HOW TO COMPLETE THIS TASK: Reproduce the listing below verbatim.

RECORDED INFORMATION:
Start of Block

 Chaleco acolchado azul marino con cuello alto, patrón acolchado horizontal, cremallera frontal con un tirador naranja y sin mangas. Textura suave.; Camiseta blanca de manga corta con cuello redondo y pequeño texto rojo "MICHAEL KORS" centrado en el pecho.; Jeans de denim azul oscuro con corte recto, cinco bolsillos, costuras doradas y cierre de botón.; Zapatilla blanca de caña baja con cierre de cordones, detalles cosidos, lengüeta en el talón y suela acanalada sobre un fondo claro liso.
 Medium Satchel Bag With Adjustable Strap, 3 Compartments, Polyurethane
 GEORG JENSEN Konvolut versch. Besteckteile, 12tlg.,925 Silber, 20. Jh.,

End of Block

RESPONSE TO THE TASK:
 Chaleco acolchado azul marino con cuello alto, patrón acolchado horizontal, cremallera frontal con un tirador naranja y sin mangas. Textura suave.; Camiseta blanca de manga corta con cuello redondo y pequeño texto rojo "MICHAEL KORS" centrado en el pecho.; Jeans de denim azul oscuro con corte recto, cinco bolsillos, costuras doradas y cierre de botón.; Zapatilla blanca de caña baja con cierre de cordones, detalles cosidos, lengüeta en el talón y suela acanalada sobre un fondo claro liso.
 Medium Satchel Bag With Adjustable Strap, 3 Compartments, Polyurethane
 GEORG JENSEN Konvolut versch. Besteckteile, 12tlg.,925 Silber, 20. Jh.,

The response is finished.